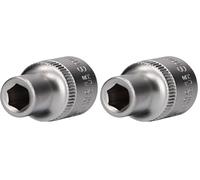 BRILLIANT TOOLS BT022800 Douille 6 pans 1/2", 8 mm [Powered by KS TOOLS] (Lot de 2)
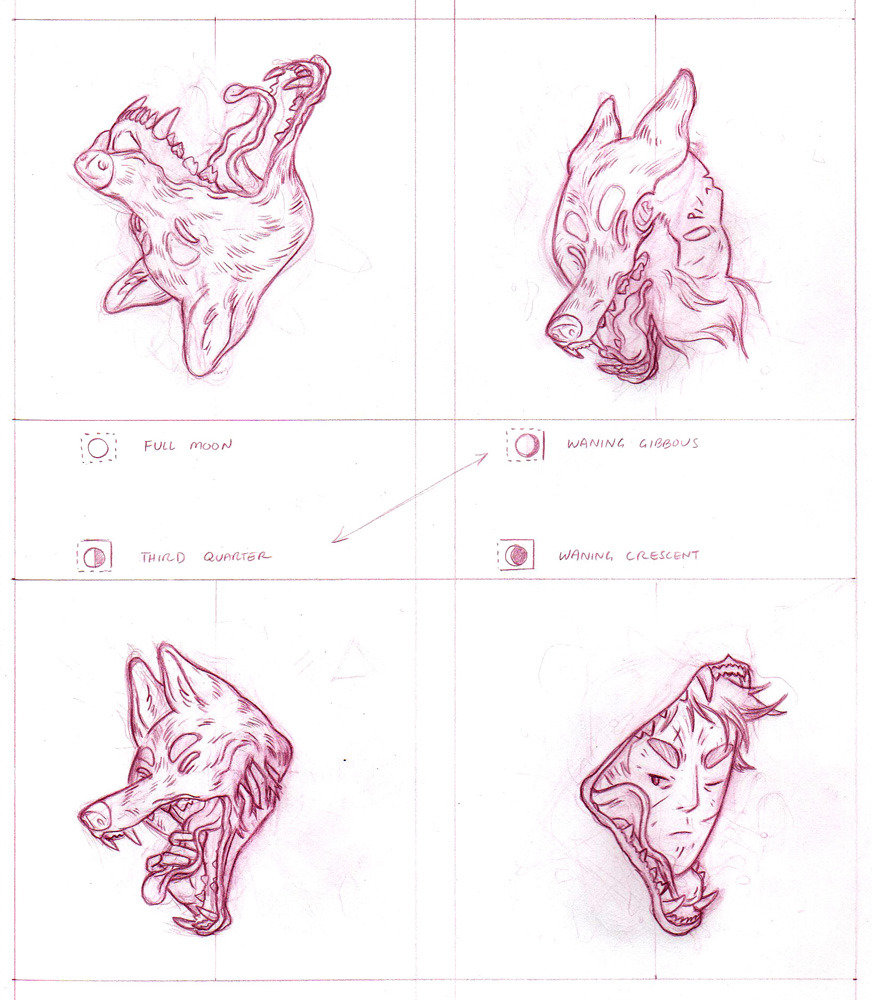 juliancallos:  Here are a few sketches for some of the pieces in my show “COSMOS,”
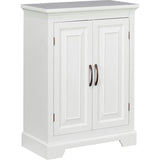 St. James Wooden Floor Cabinet with 3 Shelves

..............................

▸ **WHAT NEEDS TO BE DONE**
An exact copy of the material above is required, minus its images.

▸ **OUTPUT BELOW**
 BRILLIANT TOOLS BT022800 Douille 6 pans 1/2", 8 mm [Powered by KS TOOLS] (Lot de 2)
 juliancallos:  Here are a few sketches for some of the pieces in my show “COSMOS,”
 St. James Wooden Floor Cabinet with 3 Shelves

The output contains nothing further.